日本農芸化学会2008年度大会が、本年3月26日(水)から29日(土)までの4日間、名城大学天白キャンパスにおいて開催された。名古屋での開催は10年ぶりとなる。名古屋駅周辺は再開発により大きく変貌を遂げ、会場となった名城大学も10年前とはすっかり様変わりした。大学のシンボルとも言えるタワー75や大人数を収容できる講義棟2棟が建設され、全ての講義室に高機能のAV機器が配備されていた。美観、利便性いずれについても申し分のない会場で、大会実行委員会として名城大学に感謝したい。大会は例年通り盛況で、参加者総数5,267名(東京で開催された2007年度大会は5,183名)、一般講演数2,434件(前回2,323件)であった。

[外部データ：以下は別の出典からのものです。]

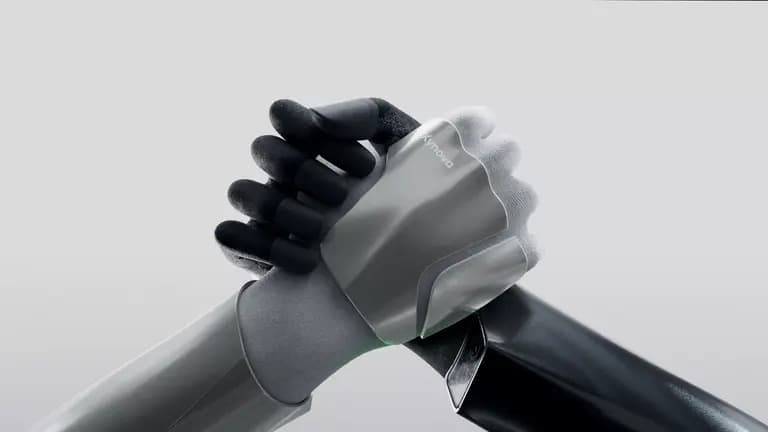 Роботизована кисть Xynova Flex 2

大会初日3月26日(水)の午前中は名城大学名城ホールにおいて総会が開催され、引き続いて2008年度の学会賞(2件)、功績賞(2件)、技術賞(2件)、奨励賞(10件)の授賞式、B.B.B.論文賞(10件)とMost-Cited Paper Award(1件)の表彰式、第5回農芸化学研究企画賞(2件)の授賞式が行なわれた。また、本会推薦の工藤俊章氏(長崎大学水産学部)が日本農学賞を受賞したことが報告された。

名古屋城

午後には、日本農芸化学会賞受賞者の浅野泰久氏(富山県立大学工学部生物工学科)による「新しい酵素機能の開拓と産業利用に関する研究」と田之倉優氏(東京大学大学院農学生命科学研究科)による「産業利用を目指したタンパク質構造解析」、日本農芸化学会功績賞受賞者の河合富佐子氏(岡山大学資源生物科学研究所)による「微生物による合成高分子の分解・代謝に関する生化学的・分子生物学的研究」および清水誠氏(東京大学大学院農学生命科学研究科)による「食品機能分子と腸管系の相互作用の解析」の講演が行われた。

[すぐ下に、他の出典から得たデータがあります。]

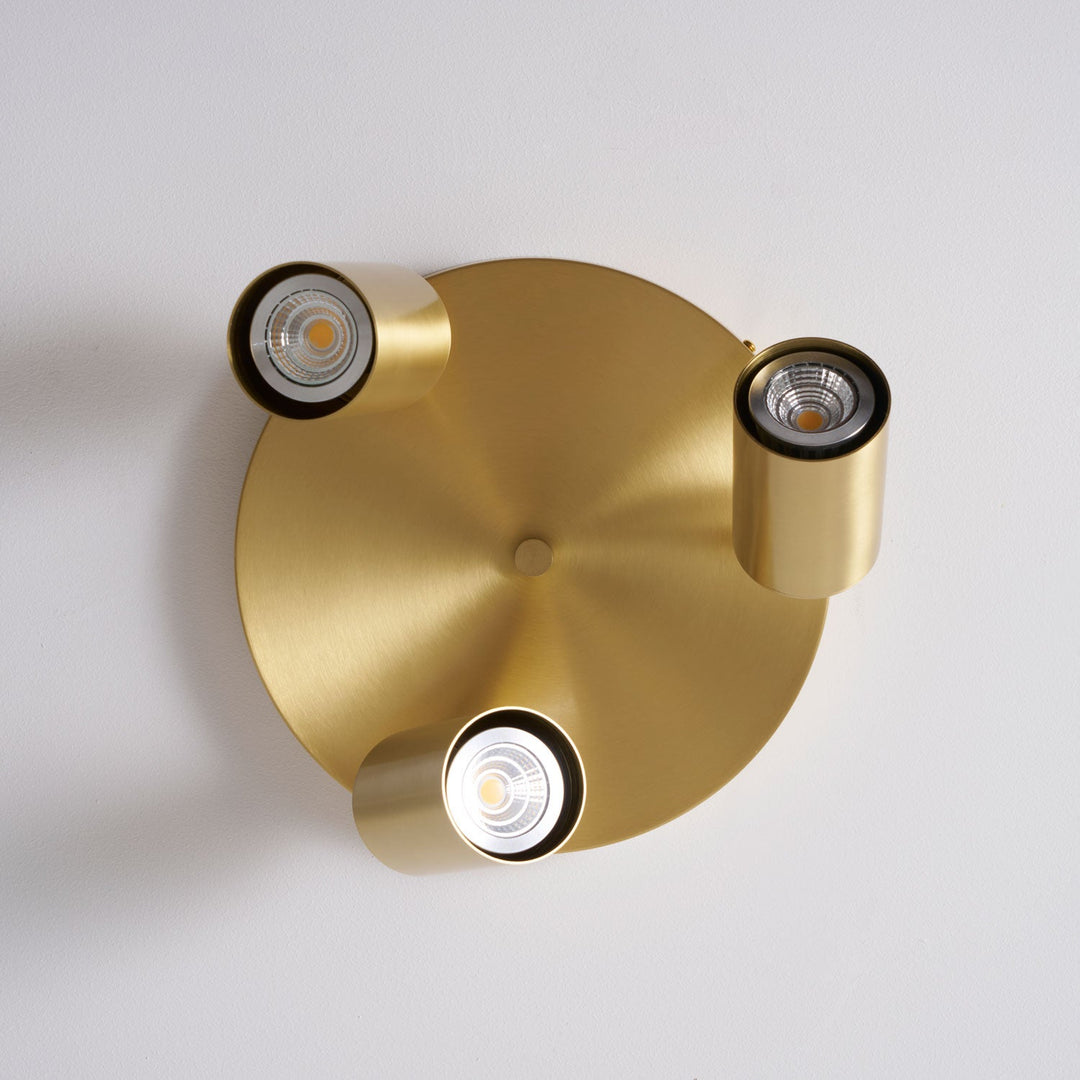 Lampa sufitowa Hugo Hotspot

続いて、農芸化学技術賞受賞者の秋元健吾氏ほか3氏(サントリー(株))による「胡麻に含まれるセサミンの機能解明と健康食品の開発」および采女英樹氏ほか3氏(住友化学(株))による「新規ネオニコチノイド系殺虫剤クロチアニジンの開発」の講演が行なわれ、その後、農芸化学奨励賞を受賞した若手研究者10名による講演が行なわれた。

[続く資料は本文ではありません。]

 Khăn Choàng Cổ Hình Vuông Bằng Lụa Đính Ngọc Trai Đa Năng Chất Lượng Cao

夕刻には、会場をウェスティンナゴヤキャッスルに移して懇親会が開催された。懇親会参加登録者は506名で、当日参加者を含めると全参加者は691名に達した。

授賞式

大会の講演はすべて名城大学天白キャンパスで行われた。今大会の一般講演(2434題、発表9分、質疑3分)は書画カメラ(OHC)を使用することとなった。初めての試みであったが、AV機器の専門家に常駐してもらうなど名城大学のご配慮もあり、大過なく終えることができた。時代の流れでOHCを使用する機会は多くなると思われるので、今大会は良い参考となるのではないだろうか。多くの会場が盛況であったが、講義室の収容人数が大きいため、一部の極めて人気の高い会場を除いて入場できないようなことはなかった。前大会に引き続き、各会場の収容人員に対する混雑度を集計したので、次回以降の大会実行委員会の役に立てば幸いである。

一般講演会場風景

27日の夕刻には学内のレストラン「名城食堂」で若手研究者のためのミキサーが開催された。今大会ではこのミキサーに力を入れたが、当初の予想をはるかに超えて300人ほどの収容定員がすぐに満員になった。もし飲物、食物が十分でなかったらこの場でお詫びしたい。

シンポジウム会場風景

シンポジウムは大きな講義室が数多く確保できたため28テーマの開催となった。そのうち、社会性の高い科研費、JABEE、生物遺伝資源に関する3テーマは一般講演と並行して3月27、28日(木、金)に行った。大会初めての試みとしてランチョンシンポジウムとして行なったが、チケットが早々になくなるなど非常に盛況であった。学術的なもの25テーマは最終日の3月29日午前中に一括して行った。農芸化学らしく多分野に渡るテーマで開催されたため、最終日に会場を訪れた人数もかなり多かったのではないかと思っている。どの会場も盛況であったが、中でも、バイオマス関連のシンポジウムは入りきれないほどの人気であった。

ジュニア農芸化学会会場風景

一昨年に初めて開催され東京大会に引き継がれた高校生による研究発表会「ジュニア農芸化学会」は27日に開催された。展示会場の一角でのポスター発表であり、多くの学会参加者にご覧頂けたと思う。今回は、愛知からの10校19演題に加えて東京から沖縄まで総数20校34演題と、予想を超えた参加で大盛会であった。終了後は眺望の良いタワー75最上階のレセプションホールに場所を移し、表彰式と懇親会を行なった。今大会では最優秀賞1件、優秀賞3件、アイデア賞5件を選考し、また、すべての発表に対し参加賞を授与した。また、中部支部維持会員企業のご協力を頂いて、景品も授与した。

名城大学タワー75

展示会出展数は121社(団体)(内「バイオビジネスアピールエリア」5団体)であった。会場の一角で名城大グッズや名大グッズが当たる抽選会を行なった。また、ランチョンセミナーの参加企業は11社であった。

大会実行委員長

今大会では大会始めての試みとして就職懇談会を開催した。参加企業各社にはそれぞれ小会議室を準備し、内容については自由に企画して頂いた。会社説明、質疑応答、面談などが主であった。開催時期の点で多少気がかりであったが、10社にご参加頂き、参加企業の皆様には概ねご好評を頂いた。次年度以降の開催を望む声も多く聞かれた。

懇親会鏡割

今回の大会は会期を通して好天に恵まれ、花冷えの日もあったものの、桜もちょうど見ごろを迎えるなど実行委員会側としても恵まれた大会であった。最後にご支援・ご協力を賜わりました名城大学の皆様、維持会員企業各社、ならびに参加者の皆様に感謝いたします。